Large Mount Rainier lahars have flowed as far as the Puget Lowlands—about 50 kilometers distance—at least 11 times in the past 6000 years. The largest and most fluid lahars can flow over 100 miles per hour on Mount Rainier's steep slopes, and as fast as 15 to 20 miles per hour over the Puget Lowlands.
"All of the lahars that have come down into the Puget Lowlands in the last 6000 years have started with an eruption except for the most recent one around 1507," said Moran. The most recent lahar, known as the Electron Mudflow, appears to have started with a landslide, and researchers have found no evidence of an associated eruption.
The Mount Rainier Lahar Detection System was established in 1998 to give downstream communities tens of minutes of warning on the next large lahar. It consists of tens of seismometers and other instruments placed on the volcano's slopes and vulnerable lahar paths such as the Puyallup and Tahoma Creek drainages.
The original system "was designed to have low bandwidth and low power requirements due to the limitations of 1990s-era technology, and that meant that data was only transmitted every two minutes," explained Moran.

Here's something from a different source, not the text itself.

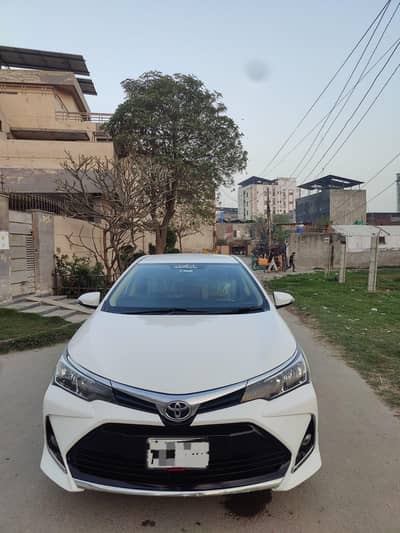 Toyota Corolla altis totally geniune paint first owner car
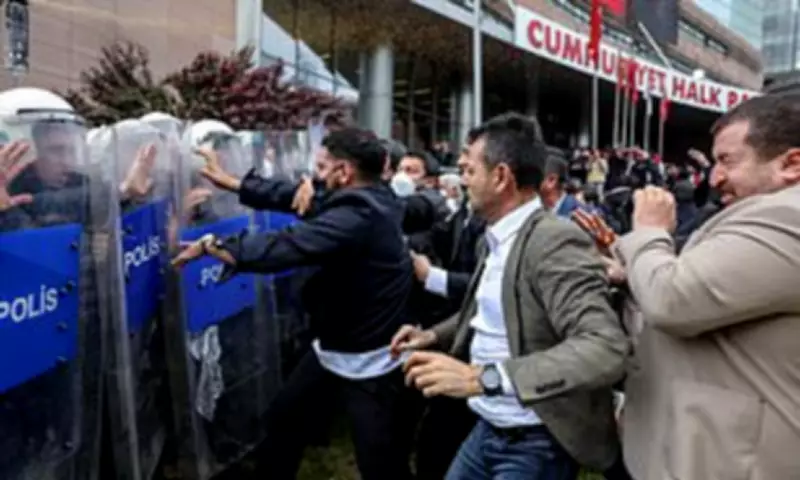 Turkish Police Storm Main Opposition Party HQ in Violent Clash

The seismometer data was paired with a system of tripwires, and both the seismic signals and the tripwire signals had to be triggered over multiple time windows to engage the detection system.
"That meant there was at least four minutes of delay between when the lahar had gone past and when the system said, 'hey, a lahar has gone past,'" Moran said.
Since 2016, the system has been updated with additional and newer instruments, including broadband seismometers transmitting real-time data continuously, new infrasound sensors, and webcams. Laser range finders are also being tested for possible future inclusion into the detection system as an alternative to tripwires.
There aren't a lot of examples of lahars around the world that have been recorded on nearby stations, Moran explained, "so we're not 100 percent certain that we can count on a single type of instrument to tell us what's going on."
The diversity of instruments also helps scientists determine whether a seismic signal received from one of the stations is really from a lahar, and not from an eruption or an earthquake. Infrasound instruments, for instance, would be able to tell the researchers that there was a disturbance at ground surface rather than deeper in the earth.
The result of the 20-year technology improvement effort has been a robust lahar detection system that operates in real time, sending detection information to two emergency operations centers that are staffed 24/7, one run by the state of Washington and one run by Pierce County. The operations centers then use the detection report to decide on and deliver a warning.